● Task description:
Everything from the line holding "Silla hecha de" through the end of the records should be printed exactly, apart from the pictures.
**** Data records ****
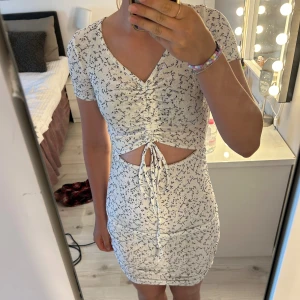 Klänning - Vit fin klänning i storlek 170/176 men även s/m🫶💕Klänningen är oanvänd och prislappen är kvar:) Köpte den för 400 men säljer för 99kr💖🤩
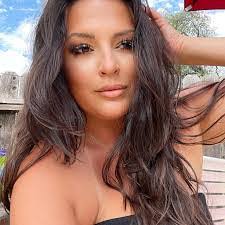 Jacqueline Ibanez's Instagram, Twitter & Facebook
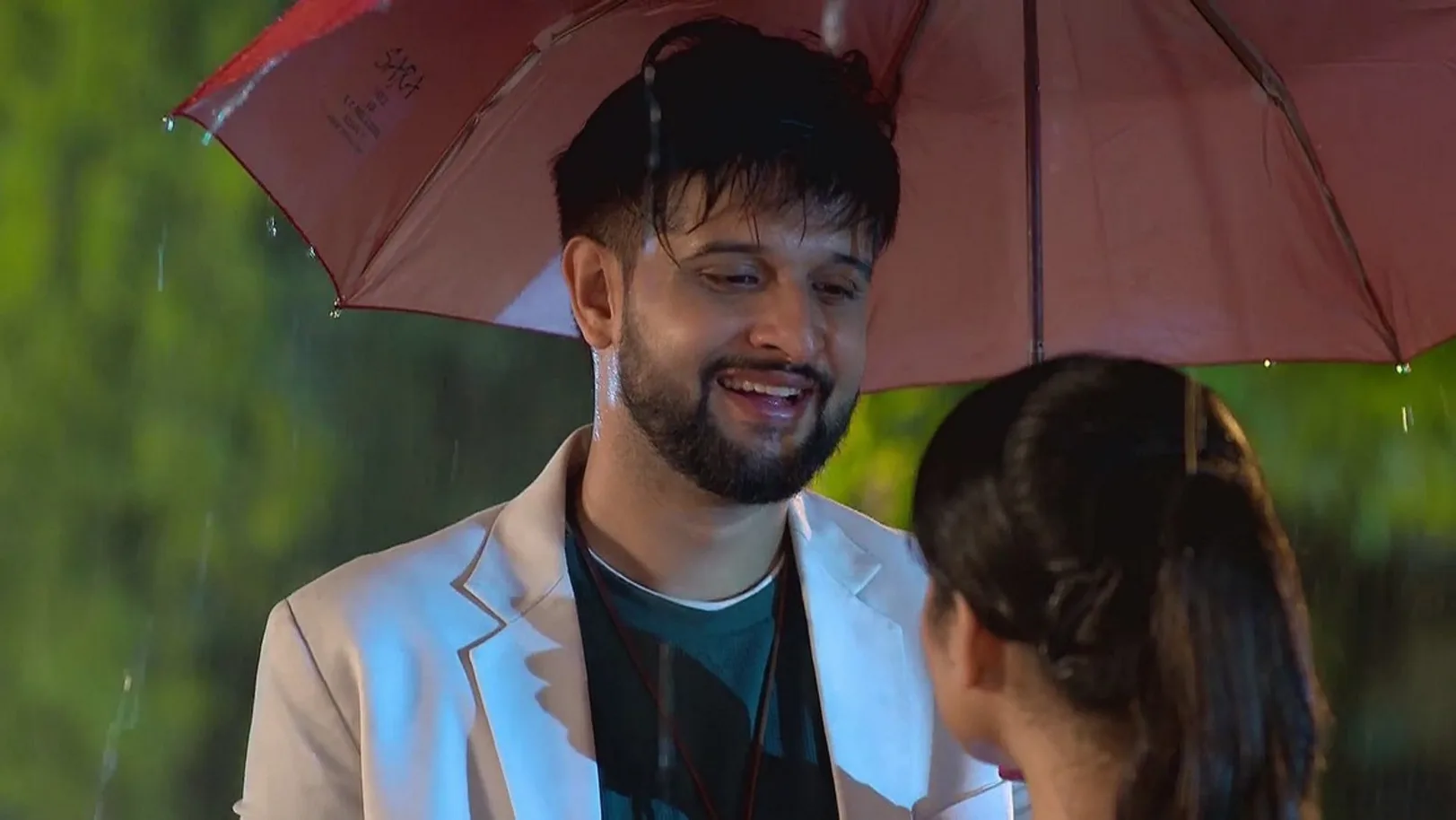 A Newly Lovesick Raj Is Lost in Dreams | Amar Sangi 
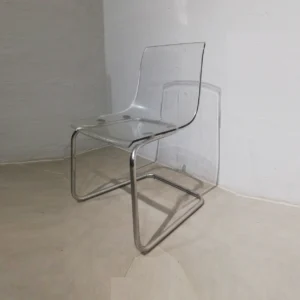Silla hecha de plástico transparente y patas metálicas de 47x54x83cm de segunda mano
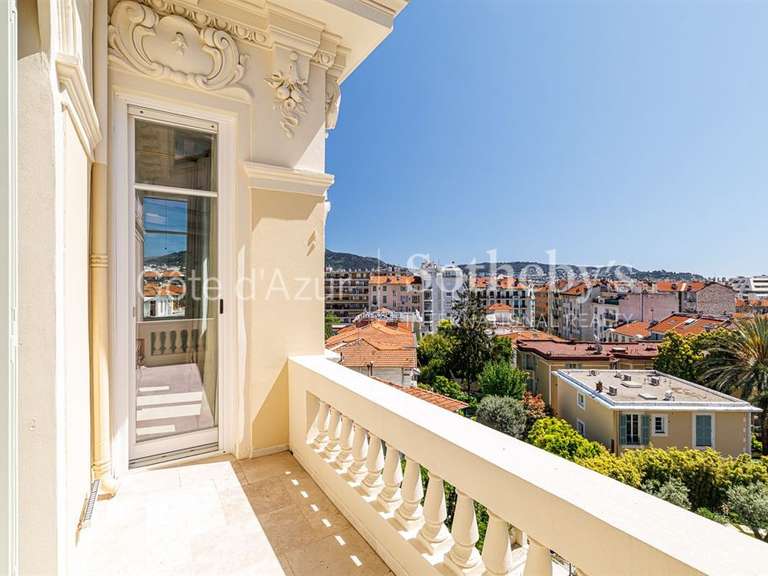 Hôtel particulier avec Vue sur mer Nice - 5 chambres - 352m²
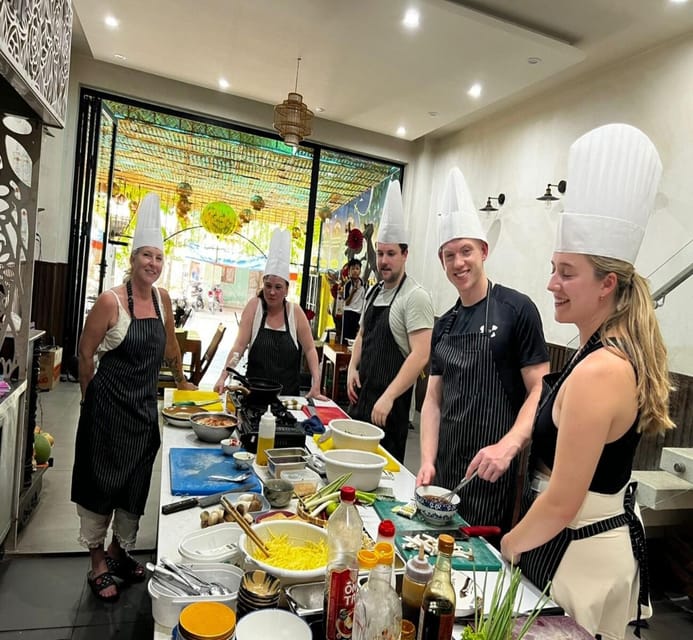 Hoi An Authentic Cooking Class with Pro Chef in Small group - Hotel pickup in Hoi An, then a market run (optional)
****
● Answer to this task:
Silla hecha de plástico transparente y patas metálicas de 47x54x83cm de segunda mano
 Hôtel particulier avec Vue sur mer Nice - 5 chambres - 352m²
 Hoi An Authentic Cooking Class with Pro Chef in Small group - Hotel pickup in Hoi An, then a market run (optional)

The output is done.